Doc ref:ECHR ID: 001-2504

Document date: November 29, 1995

  • Inbound citations: 0
  • Cited paragraphs: 0
  • Outbound citations: 4

SPADRNA v. THE CZECH REPUBLIC

Doc ref:ECHR ID: 001-2504

Document date: November 29, 1995

Cited paragraphs only



                      AS TO THE ADMISSIBILITY OF

                      Application No. 26345/95

                      by Miroslav SPADRNA

                      against the Czech Republic

     The European Commission of Human Rights (Second Chamber) sitting

in private on 29 November 1995, the following members being present:

           Mr.   H. DANELIUS, President

           Mrs.  G.H. THUNE

           MM.   G. JÖRUNDSSON

                 J.-C. SOYER

                 H.G. SCHERMERS

                 F. MARTINEZ

                 L. LOUCAIDES

                 J.-C. GEUS

                 M.A. NOWICKI

                 I. CABRAL BARRETO

                 J. MUCHA

                 D. SVÁBY

                 P. LORENZEN

           Ms.   M.-T. SCHOEPFER, Secretary to the Chamber

     Having regard to Article 25 of the Convention for the Protection

of Human Rights and Fundamental Freedoms;

     Having regard to the application introduced on 12 October 1994

by Miroslav SPADRNA against the Czech Republic and registered on

27 January 1995 under file No. 26345/95;

     Having regard to the report provided for in Rule 47 of the Rules

of Procedure of the Commission;

     Having deliberated;

     Decides as follows:

THE FACTS

     The applicant, a Czech citizen born in 1967, resides in Prague.

He is a workman.  The facts of the case, as submitted by the applicant,

may be summarised as follows.

A.   Particular circumstances of the case

     On 6 April 1990 the applicant was dismissed from his employment.

     On 1 June 1990 the applicant brought an action against his

employer to challenge his dismissal and for damages for loss of salary

while he was unemployed.

     On 6 March 1992 the Prague 1 District Court (Obvodní soud pro

Prahu 1) declared the dismissal null and void.  On 6 November 1992 this

court decided that the employer was only obliged to pay damages for the

period of six months, as according to Article 61 para. 2 of the Labour

Code "in cases where the total period for which individuals are

entitled to receive an indemnity exceeds six months, the court may,

upon request of an employer, decide to reduce the indemnity for the

period exceeding six months or may decide not to grant it at all".

     The applicant appealed, claiming that Article 61 para. 2 of the

Labour Code is discriminatory and contradictory.  He referred to the

Supreme Court's case-law according to which a person is not obliged to

take up any job during the period of the proceedings relating to the

validity of dismissal (cf.
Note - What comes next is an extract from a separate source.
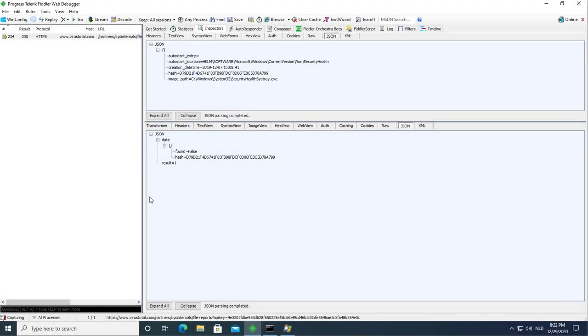Hi, Didier Stevens here. A little bit more than a week ago I showed you that VirusTotal was no longer providing answers to sys-internal tools like Process Explorer.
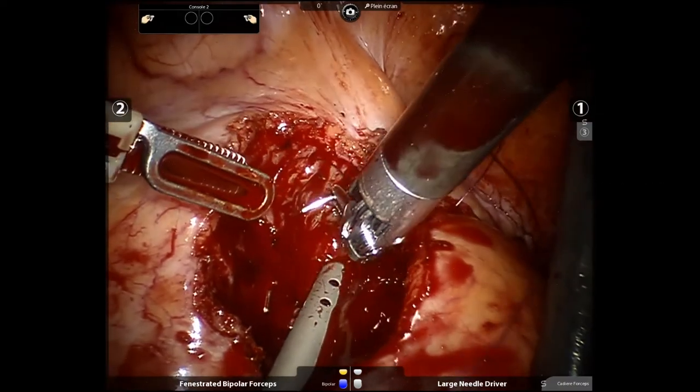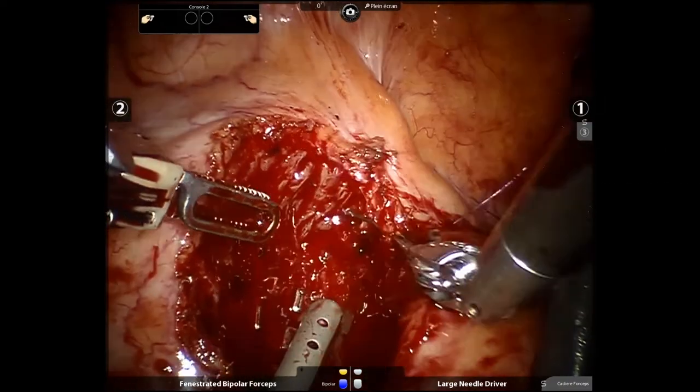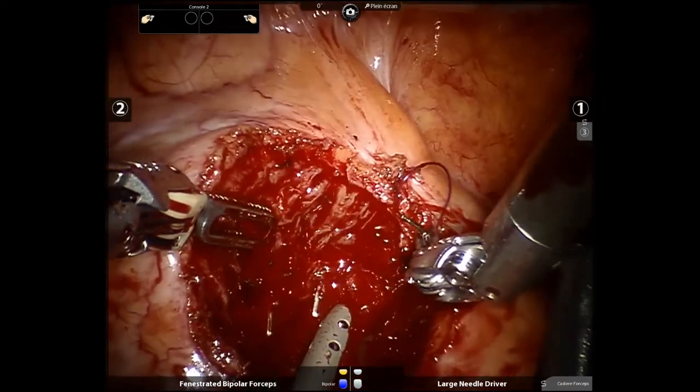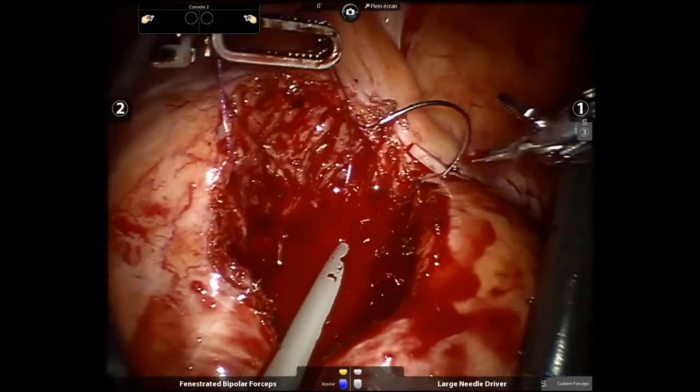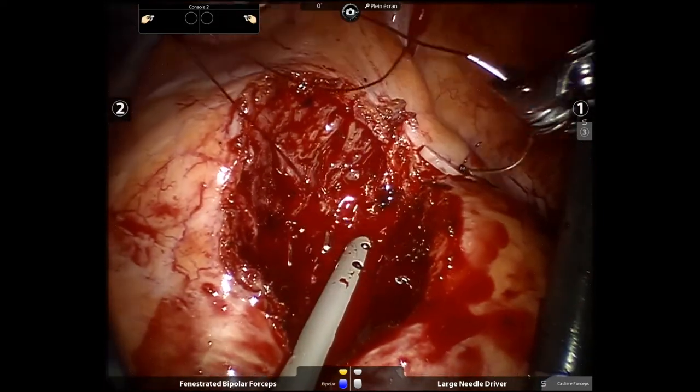After deflation of the occlusive balloon, the segmentary artery vascularizing the graft tumor is sutured.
Decisions of the Supreme Court Nos. 9/77,

10/77 and 47/77, Collection of Legal Decisions and Opinions).

     On 21 October 1993 the Prague Court of Appeal (Mestsky soud v

Praze) partially confirmed and partially quashed the judgment of the

Prague 1 District Court, which gave a new judgment on 27 September

1994.     In the meantime, on 27 January 1994, the applicant had lodged a

constitutional appeal alleging discrimination under Article 61 para. 2

of the Labour Code: he claimed that he was not in the same position as

his employer because the indemnity he was entitled to receive was

limited by the period of six months.  If an action were to be brought

by an employer, the employer could claim compensation for actual damage

as well as for lost profits.  He further complained about the length

of the proceedings before the courts.

     The applicant also requested legal aid, stating that he did not

have sufficient means to pay for legal representation.

     By letter of 15 March 1994 (received by the applicant on

25 March 1994) the Constitutional Court (Ústavní soud) reminded the

applicant that he was not represented by a lawyer and asked him to

satisfy this condition by 30 March 1994.  On 30 March 1994 the

applicant sent a letter to the Constitutional Court by which he asked

for extension of the time limit to 15 April 1994.  He received a

positive reply on 12 April 1994.

     On 14 April 1994 the applicant sent his form of authority to the

Constitutional Court.  Another copy, signed by his lawyer and

accompanied by additions to the applicant's appeal, was sent to the

Court by his representative on 20 April 1994.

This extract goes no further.